You, however, dismiss any public role in the development of any technology.

Because most involvement is negative. Would you think a monopolistic and bureaucratic institution is a good for developing any technology?

thunderlips11 says

Don't be silly. Coastal regions tend to be the most fertile because they often receive more rainfall, and of course because rivers drain out to the lowest level, carrying fertile alluvial soil with them.

So what, my living room makes for a great food production site with all the sunlight, but it also has far higher opportunity cost, so it is not used as a mini farm.

You also can't irrigate much of Dry West without damming rivers and creating irrigation systems over hundreds and thousands of miles. Something very difficult for countless landowners to agree upon - and it only takes one hold out to make it impossible.

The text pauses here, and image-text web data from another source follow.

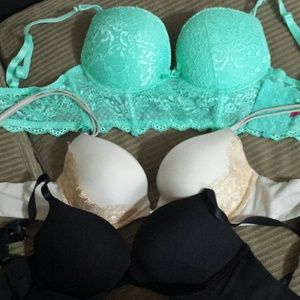 Reduced!Victoria secret and other name brand bras!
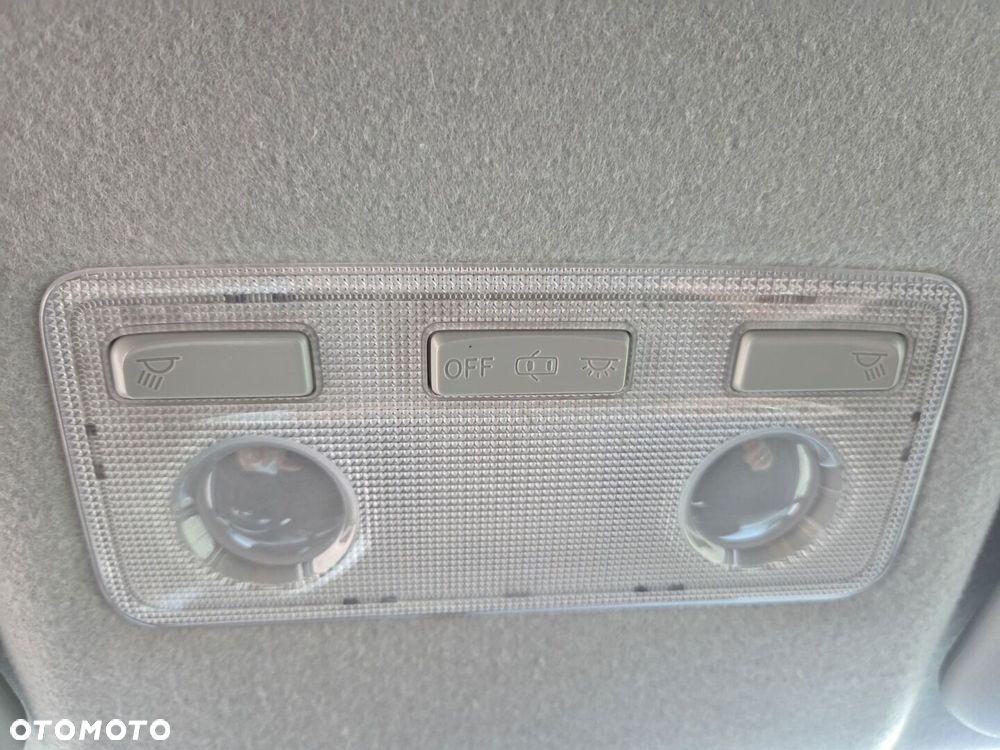 Toyota Yaris - 25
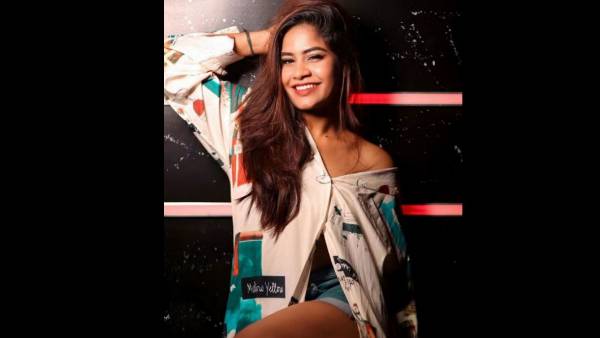 షర్ట్ విప్పేసిన తెలుగు బ్యూటీ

Buy him out if you really think your project is that worthwhile. Developers do that all the time.

That's why the government has the power of eminent domain, it's a far more efficient system than trying to get countless landowners to agree to rights and prices. And everybody knows the last to agree will command the highest price.

Sounds like you would fit right in with Stalinist Russia or Communist China.

310   MisdemeanorRebel   2013 Feb 14, 3:16am  

Reality says

Royal family are not necessarily part of the government. Prince Henry was using his own money as a large land owner, and took on a crew of volunteers.

Not necessarily? Maybe - but Henry was absolutely part of the Government of Portugal.

Henry was of the royal family, commanded troops in battle for the nation of Portugal including conquering cities on the North African coast, ruled various estates, appointed people he liked as officials, was commander of a military order.

It is really grasping at straws to say the Henry the Navigator was an entirely private figure.

Reality says

You have no idea what late Roman Empire was like in the West. What do you think was happening to the Equestrians when the city of Rome was sacked repeatedly? Why do you think it was so easy for the "nomads" to sack Rome? The frontiers farmers were welcoming the "barbarians" because they wouldn't seek the high tax from the farmers. Eventually the free citizens of Rome voluntarily sold themselves into bondage to the big estates in the countryside in order to avoid the high taxes. Roman taxation of currency debasement got so bad that the taxmen wouldn't even accept the debased coins that the government itself issued.

Only part of the story.

The other part is that the agrarian laws of Marius, which determined that public lands should be leased to veterans, was hijacked by the wealthy. One of the reasons the Brothers Gracchi were popular is that they pointed out that the Equestrians in the Senate were breaking their own laws by using land that was set aside - not for free by the way, the renters had to pay the state for it - for their own use. And often for free.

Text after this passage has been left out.